-- What is being asked --
Go over the entries and report the lines where the word "Wandkalender" occurs.

[Dataset items]
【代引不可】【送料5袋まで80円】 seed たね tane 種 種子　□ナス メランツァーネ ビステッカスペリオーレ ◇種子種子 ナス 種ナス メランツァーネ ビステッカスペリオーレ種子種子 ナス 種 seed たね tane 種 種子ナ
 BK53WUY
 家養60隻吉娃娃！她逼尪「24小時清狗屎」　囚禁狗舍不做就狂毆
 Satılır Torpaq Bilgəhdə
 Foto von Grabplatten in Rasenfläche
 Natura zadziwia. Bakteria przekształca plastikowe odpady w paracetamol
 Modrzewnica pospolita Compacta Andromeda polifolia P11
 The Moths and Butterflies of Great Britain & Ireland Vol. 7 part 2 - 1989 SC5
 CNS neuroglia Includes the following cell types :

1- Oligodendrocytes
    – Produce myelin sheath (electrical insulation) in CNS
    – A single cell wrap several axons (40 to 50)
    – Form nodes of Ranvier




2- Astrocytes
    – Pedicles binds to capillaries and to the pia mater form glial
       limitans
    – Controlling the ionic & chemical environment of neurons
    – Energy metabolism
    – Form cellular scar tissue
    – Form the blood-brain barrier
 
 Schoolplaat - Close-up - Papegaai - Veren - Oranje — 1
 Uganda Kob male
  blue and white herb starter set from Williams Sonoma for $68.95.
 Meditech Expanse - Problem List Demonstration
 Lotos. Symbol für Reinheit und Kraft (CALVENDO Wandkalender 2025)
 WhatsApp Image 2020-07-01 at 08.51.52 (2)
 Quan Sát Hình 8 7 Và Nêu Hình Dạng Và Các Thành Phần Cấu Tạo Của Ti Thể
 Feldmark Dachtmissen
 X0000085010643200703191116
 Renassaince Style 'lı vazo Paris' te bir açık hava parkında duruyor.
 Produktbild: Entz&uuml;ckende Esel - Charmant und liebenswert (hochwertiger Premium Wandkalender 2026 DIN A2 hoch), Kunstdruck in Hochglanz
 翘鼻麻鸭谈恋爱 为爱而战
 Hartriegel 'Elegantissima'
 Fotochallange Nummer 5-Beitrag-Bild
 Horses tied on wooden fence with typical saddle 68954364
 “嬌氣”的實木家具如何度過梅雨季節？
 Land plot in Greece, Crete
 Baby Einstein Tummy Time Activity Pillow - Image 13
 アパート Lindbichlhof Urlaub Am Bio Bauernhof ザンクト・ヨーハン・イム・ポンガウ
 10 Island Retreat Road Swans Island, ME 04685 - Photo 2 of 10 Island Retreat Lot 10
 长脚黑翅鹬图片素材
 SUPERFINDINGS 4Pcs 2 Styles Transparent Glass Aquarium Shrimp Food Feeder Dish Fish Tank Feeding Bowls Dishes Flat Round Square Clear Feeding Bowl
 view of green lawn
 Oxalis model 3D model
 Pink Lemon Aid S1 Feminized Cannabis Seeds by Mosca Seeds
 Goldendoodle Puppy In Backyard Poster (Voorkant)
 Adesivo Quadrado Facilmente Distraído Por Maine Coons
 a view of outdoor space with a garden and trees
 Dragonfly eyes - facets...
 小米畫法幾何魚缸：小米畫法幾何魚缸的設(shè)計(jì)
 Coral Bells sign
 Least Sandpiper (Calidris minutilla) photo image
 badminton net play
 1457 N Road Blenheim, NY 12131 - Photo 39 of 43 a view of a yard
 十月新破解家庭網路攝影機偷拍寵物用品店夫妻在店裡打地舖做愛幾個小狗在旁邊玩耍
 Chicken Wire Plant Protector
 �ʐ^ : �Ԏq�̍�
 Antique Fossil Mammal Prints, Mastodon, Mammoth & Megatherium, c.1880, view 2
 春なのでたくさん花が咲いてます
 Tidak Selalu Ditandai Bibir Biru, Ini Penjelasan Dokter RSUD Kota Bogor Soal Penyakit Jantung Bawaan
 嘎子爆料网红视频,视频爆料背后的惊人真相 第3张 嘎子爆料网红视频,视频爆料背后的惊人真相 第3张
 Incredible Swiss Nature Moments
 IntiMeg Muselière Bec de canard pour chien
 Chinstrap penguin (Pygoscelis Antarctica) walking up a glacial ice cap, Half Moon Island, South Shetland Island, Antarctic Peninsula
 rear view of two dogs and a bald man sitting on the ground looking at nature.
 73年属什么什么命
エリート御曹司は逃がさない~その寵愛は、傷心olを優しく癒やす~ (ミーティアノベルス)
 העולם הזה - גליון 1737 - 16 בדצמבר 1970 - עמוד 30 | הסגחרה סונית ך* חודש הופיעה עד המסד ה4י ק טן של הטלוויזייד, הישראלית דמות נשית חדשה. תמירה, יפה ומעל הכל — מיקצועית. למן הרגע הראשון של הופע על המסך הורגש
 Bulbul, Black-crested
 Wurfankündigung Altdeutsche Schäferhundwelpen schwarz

-- Result for this exercise --
 Lotos. Symbol für Reinheit und Kraft (CALVENDO Wandkalender 2025)
 Produktbild: Entz&uuml;ckende Esel - Charmant und liebenswert (hochwertiger Premium Wandkalender 2026 DIN A2 hoch), Kunstdruck in Hochglanz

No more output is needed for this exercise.